Susan's Brussels Sprouts Souffle

Are you like me...always on the lookout for new side dishes for the holidays? My family has their favorites and I'm always happy to make those dishes for them, but I really do like to introduce one new veggie dish each year. Their favorite sprout recipe to date is one I first made many years ago and posted it in 2008 HERE. My family still requests it. But when I saw Susan's recipe for the sprout souffle, I just knew I'd have to make it for the holidays this year. I gave it a test run and my guests loved it.

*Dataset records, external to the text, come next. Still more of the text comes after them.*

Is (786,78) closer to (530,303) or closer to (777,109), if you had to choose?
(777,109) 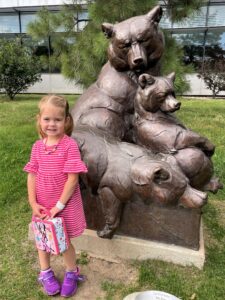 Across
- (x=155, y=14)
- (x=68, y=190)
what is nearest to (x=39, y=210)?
(x=68, y=190)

I have no doubt this will soon replace my family's old favorite.

Susan's Brussels Sprouts Souffle
From Savoring Time in the Kitchen

¼ cup butter 
¼ cup all-purpose flour 
½ teaspoon salt 
1 cup milk 
4 egg yolks 
1 cup shredded Cheddar cheese 
1 10-oz package frozen Brussels sprouts, cooked, drained, and finely chopped (about 2 cups) May use fresh, cooked Brussels Sprouts, of course - do not overcook (I used fresh)
4 egg whites 

Preheat oven to 350F
In a very large  sauce pan melt butter until bubbly and then blend in the flour and salt until well combined. Add the milk all at once and cook quickly till mixture thickens, stirring constantly. 

Beat egg yolks till thick and lemon-colored. Blend some of the hot butter mixture into egg yolks to temper them; return the yolk mixture to the pot and stir rapidly to that the eggs do not curdle. Stir in cheese and finely chopped sprouts. Set pan aside. 

Beat the egg whites until stiff but not dry and carefully fold into hot mixture. Make certain they are mixed, but do not over-fold.

Turn the mixture into an ungreased 2-quart soufflé dish.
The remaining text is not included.